3件の特検はこれまでに計48件の逮捕状を請求し、うち23件が裁判所に棄却された。昨年1年間に検察が請求した逮捕状の棄却率(22.9%)を2倍以上上回った。
内訳を見ると、内乱特検が請求13件のうち6件、金建希特検は25件のうち8件、海兵特検は10件のうち9件がそれぞれ棄却された。内乱・海兵特検は特定の被疑者に対し、逮捕状を2回請求したが、いずれも棄却された。裁判所関係者は「強盗や殺人など物証が明確な犯罪は逮捕状請求の棄却率が極めて低いので、刑事事件全体の棄却率が特検より低く見えるのかもしれない」とし、「棄却率よりも棄却理由を見ると、特検による捜査の問題点が見えてくる」と話した。
3件の特検が請求した逮捕状に関する裁判所の棄却理由は、大半が「事実関係を争う余地がある」「逮捕するほど容疑が疎明されていない」というものだった。逮捕するか否かは、通常事案の重大性と証拠隠滅および逃走の恐れを基準に判断する。特検の逮捕状請求は、裁判所で捜査が不十分だという指摘されたことになる。法曹界からは「特検は逮捕を捜査の成果と考えたり、被疑者に対する圧迫手段として使おうとしたりした結果、容疑をしっかり立証できないまま、性急に令状を請求したのではないか」と受け止めている。
内乱特検は朴性載(パク・ソンジェ)元法務部長官について、違法な非常戒厳に加担した容疑などで2回逮捕状を請求したが、裁判所は「これまでの(容疑の)疎明程度などを考えると、不拘束捜査の原則が優先される」として棄却した。

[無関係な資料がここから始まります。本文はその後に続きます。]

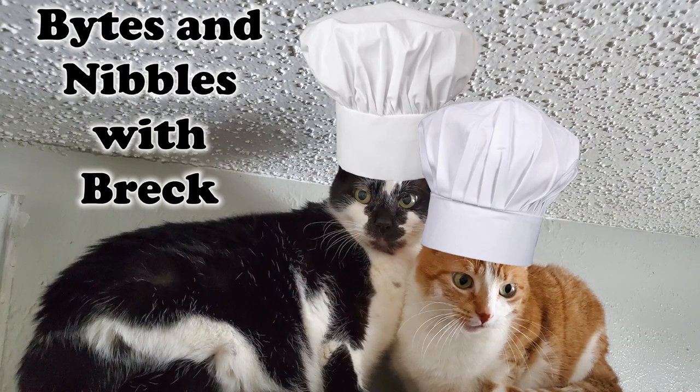Hello, friends, and welcome to Escaping the Miles with your host, me, Breck Roll. All right, we're going to do another episode of Bites and Nibbles with Breck today.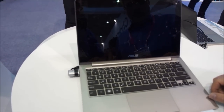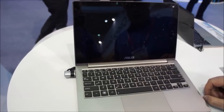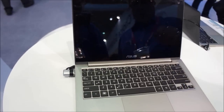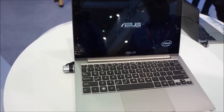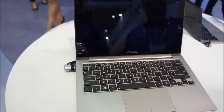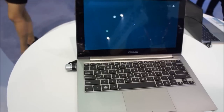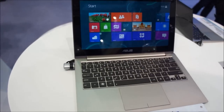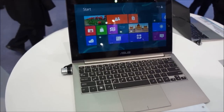We're here just trying to take a look at how fast the ASUS UX21A can boot into Windows 8. We're going to hit the power button and see just the number of seconds that it takes — remembering that this is not a final product. But look at that: under 10 seconds. Amazing. Thank you.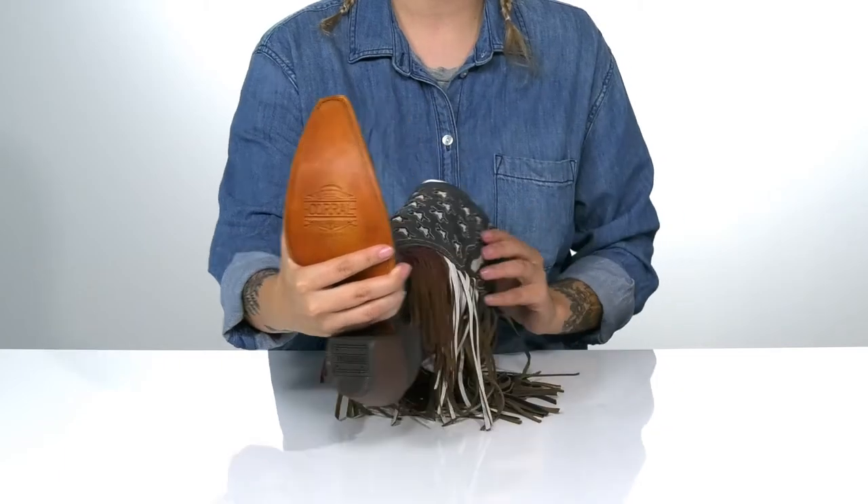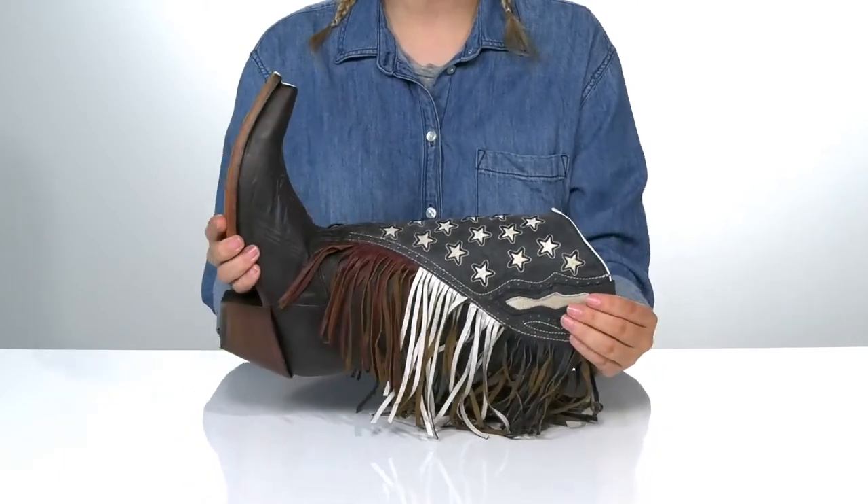Underneath is a lightly textured heel for traction, and I think these would pair very well with some blue jean shorts.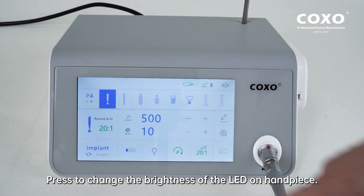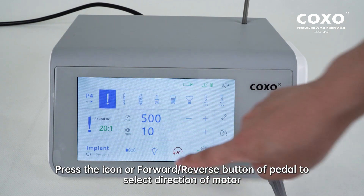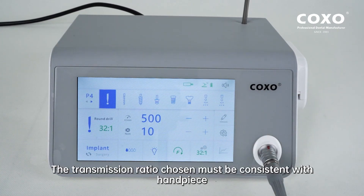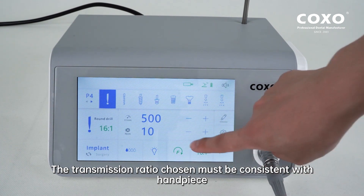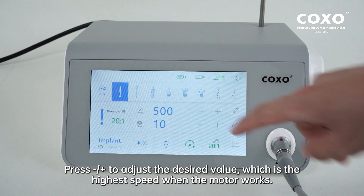Press to change the brightness of the LED on the handpiece. Press the icon or forward/reverse button of the pedal to select the direction of the motor. Press the icon to select the transmission ratio. The transmission ratio chosen must be consistent with the handpiece. Press minus/plus to adjust the desired value, which is the highest speed when the motor works.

不拘束捜査の原則とは、被疑者の自由を尊重し、身柄を拘束しない任意捜査 を優先すべきという考え方だ。内乱特検はまた、国会の戒厳解除決議を妨害した容疑で、国民の力の秋慶鎬(チュ・ギョンホ)国会議員について、尹前大統領との共謀関係も明示しないままで逮捕状を請求して棄却された。
海兵特検は今年7月、「捜査外圧」の疑いが浮上した金桂煥(キム・ゲファン)元海兵隊司令官の逮捕状を請求する際、パク・チョンフン大領(大佐)の抗命罪を巡る裁判で偽証を行ったという別件で逮捕状を請求して棄却された。海兵特検は今年10月、職権乱用の疑いで再び金元司令官の逮捕状を請求したが、裁判所は「法理的に争う余地がある」としてまたも棄却した。金建希特検は金建希氏の側近キム・イェソン氏が関与するIMSモビリティーが大企業から特別優遇で投資を受けたという疑惑を捜査したが、関連者の大部分の逮捕状を金建希氏とは関係がない横領・背任など別件で請求して棄却された。